Q: There is an upcoming marriage between Australians who have an age gap of 10 years. The man has economic power, a house and some assets. As a condition of marriage, he said, “I want you to sign a contract which pre-determines the distribution of assets in the event of a divorce”. When he divorced his ex-wife, he stated he did not want to go through it again as it was not a pleasant experience. What is this document and what is its effect? A: It is a Financial Agreement and is more commonly known as a Prenuptial Agreement under the Family Law Act as per Part VIIIA. The main purpose of the agreement is to identify how the couple will distribute their assets should they divorce.
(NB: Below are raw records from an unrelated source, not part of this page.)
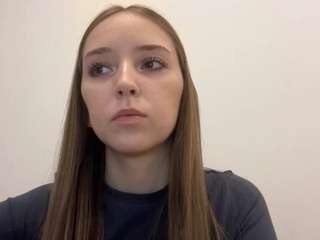 santamckearney's CamSoda show and profile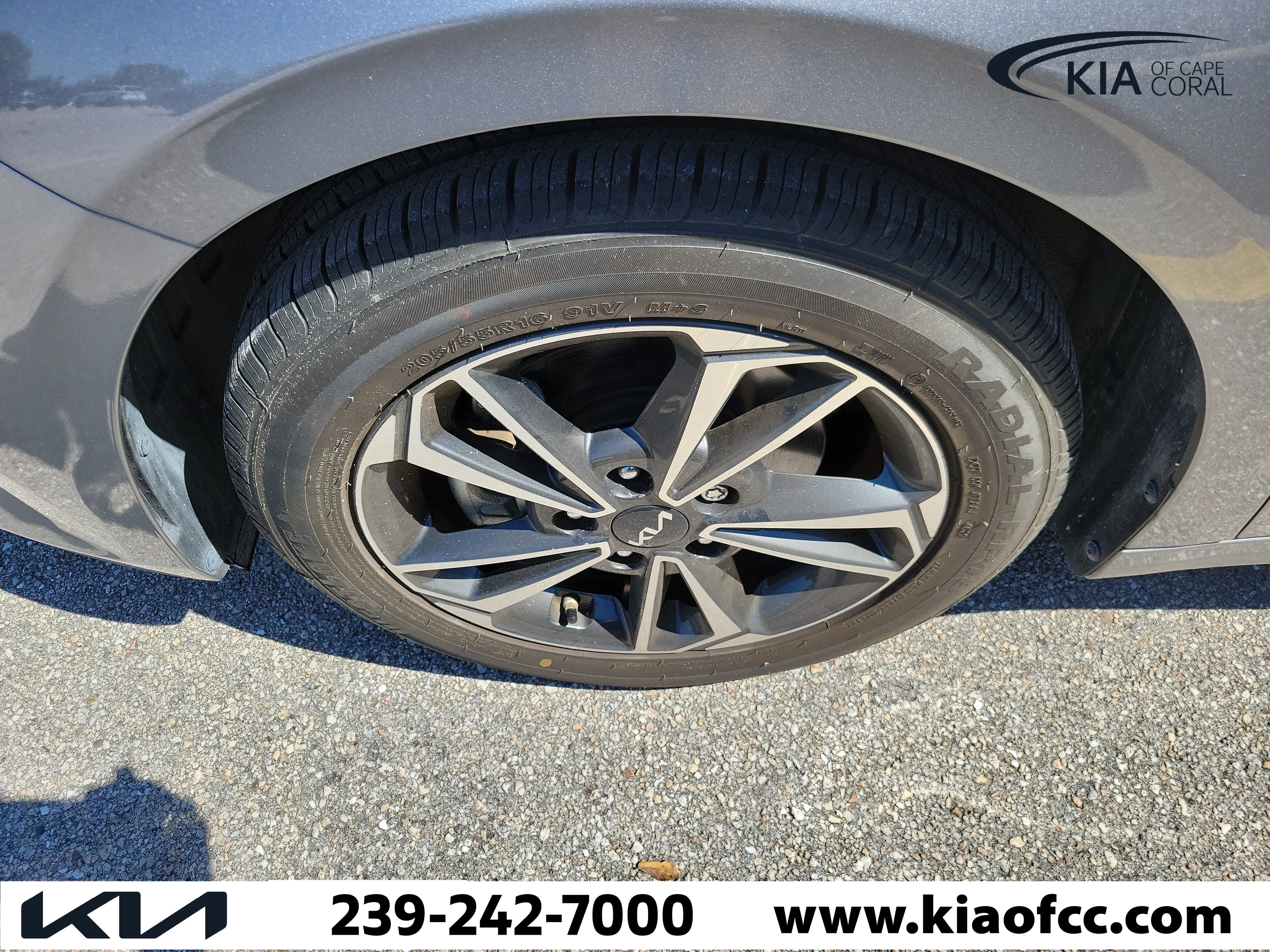 Certified 2024 Kia Forte LXS FWD image 5
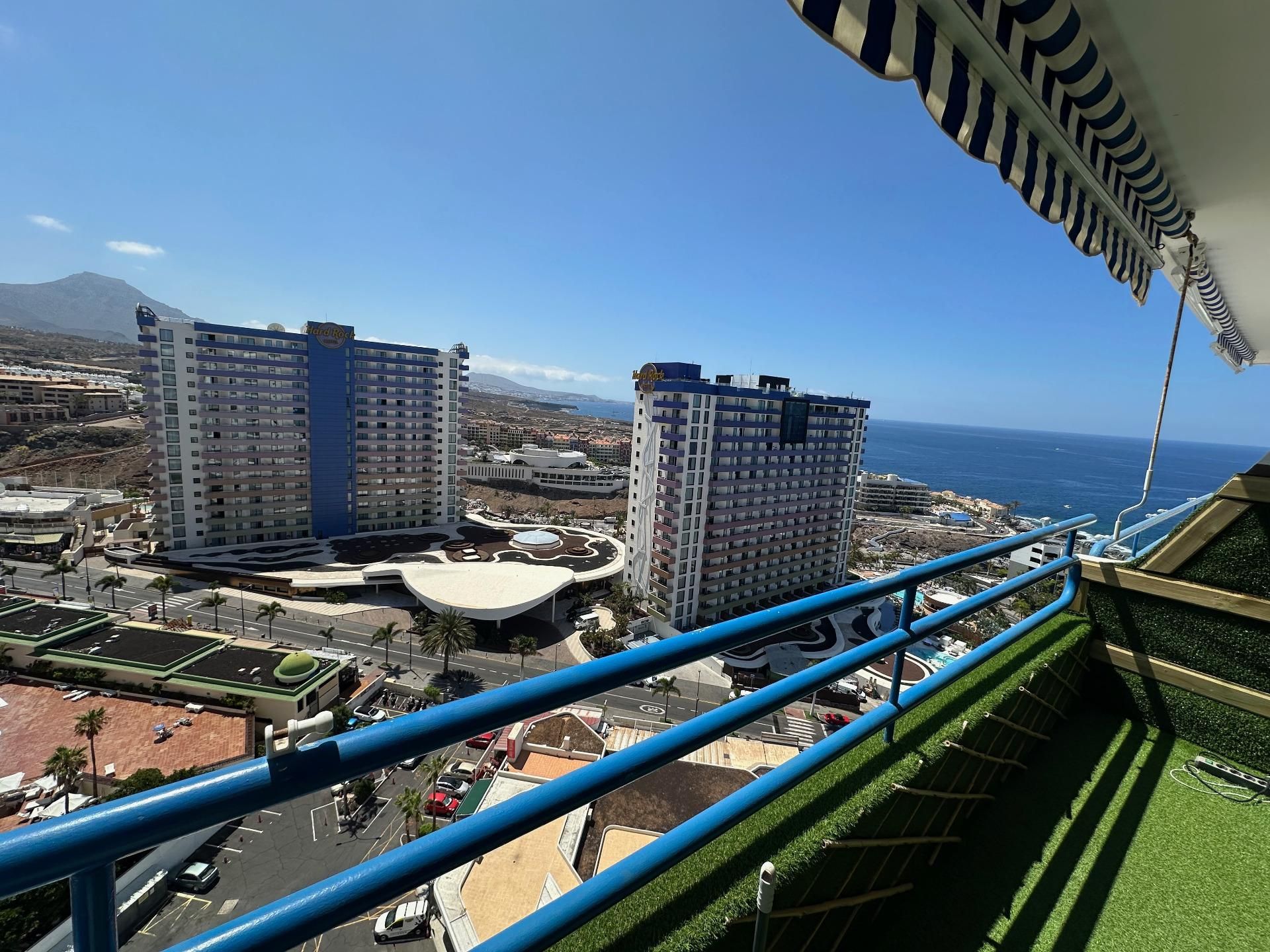 Vista exterior de Estudi de lloguer en Adeje amb Aire condicionat, Terrassa i Balcó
For example, if at the time of marriage, one party has a pre-existing home or an expensive piece of artwork that may have been inherited from a parent, the prenuptial agreement will state “the house or art is not marital property at the time of the divorce and is to be excluded from distribution”. The Financial Agreement not only determines the distribution of assets but also covers child support fees and alimony. However, child support is a child’s right and there is a very likely chance that a dispute will arise in relation to its validity and is generally not covered by the Financial Agreement. A Financial Agreement can be entered into not only before marriage but also during the marriage and after divorce. Ideally, entering into a Financial Agreement will make the divorce process smoother (without having to waste unnecessary legal costs or effort). However, one thing that should be noted is that even if the Financial Agreement was considered a fair arrangement at the time, it may be considered unfair in the future. For example, 10 years later after a child is born, if an individual had been a housewife for a long period and cannot obtain a stable job, can it be considered acceptable then? In this regard, the Family Law Act has several conditions that can revoke the Financial Agreement, including situations whereby the effects of the Financial Agreement are considered unfair. To ensure the validity of the Financial Agreement, information will need to be disclosed which may be considered important, including the details of the assets and a certificate from each respective lawyer that shows advise has been provided to you in relation to the pros and cons of the Financial Agreement and the benefits and the rights of the parties(Section 90G(1)(b) of the Act).